L’année 2008 fut un vrai tournant, avec deux événements de très grande portée qui changent, petit à petit, la vision du monde que peuvent avoir la plupat des gens : l’effondrement financier, et l’attaque israélienne contre Gaza. Les répercussions s’en feront de plus en plus sentir. Elles préparent le terrain pour l’opposition massive des peuples aux puissances financières et militaires qui dirigent l’Occident et qui s’efforcent toujours, à travers l’Otan en particulier, d’imposer leur domination au monde entier. Il y a des indices que le pouvoir reconnaît le danger et prépare des technologies de répression pour contrer les révoltes à venir. Il est urgent de fournir des alternatives politiques en termes de programmes et d’organisation. Si les manifestations de masse sont vulnérables à la répression policière et aux casseurs, il faut inventer d’autres moyens plus variés et plus flexibles pour communiquer les uns avec les autres afin d’ élargir un mouvement cohérent capable de combattre la militarisation de la société et de construire une économie centrée sur les véritables besoins des êtres humains.
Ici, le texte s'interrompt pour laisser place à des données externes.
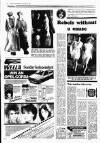 Sunday Independent (Dublin) Sunday 25 January 1987 Page 14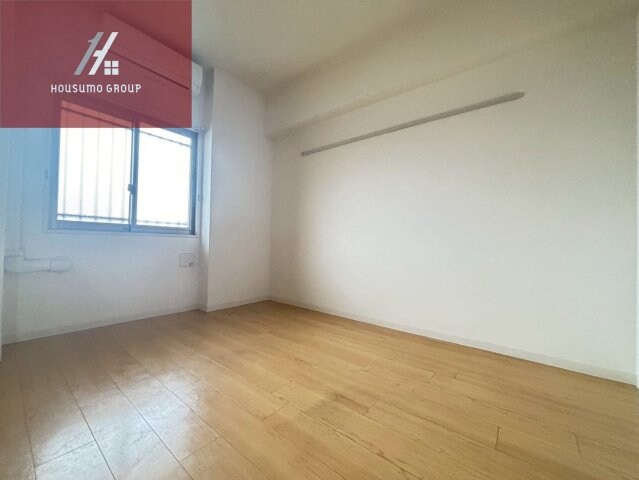 物件内観写真6　(スタンダードな洋室です)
En tout cas, toute manifestion future contre l’Otan doit se doter de son propre service d’ordre. On ne peut pas mélanger des manifestants pacifiques avec les casseurs qui cherchent ce que cherche la police : les combats violents.

Diana Johnstone est l’auteur de « La Croisade des fous : Yougoslavie, première guerre de la mondialisation », Le Temps des cerises, 2003.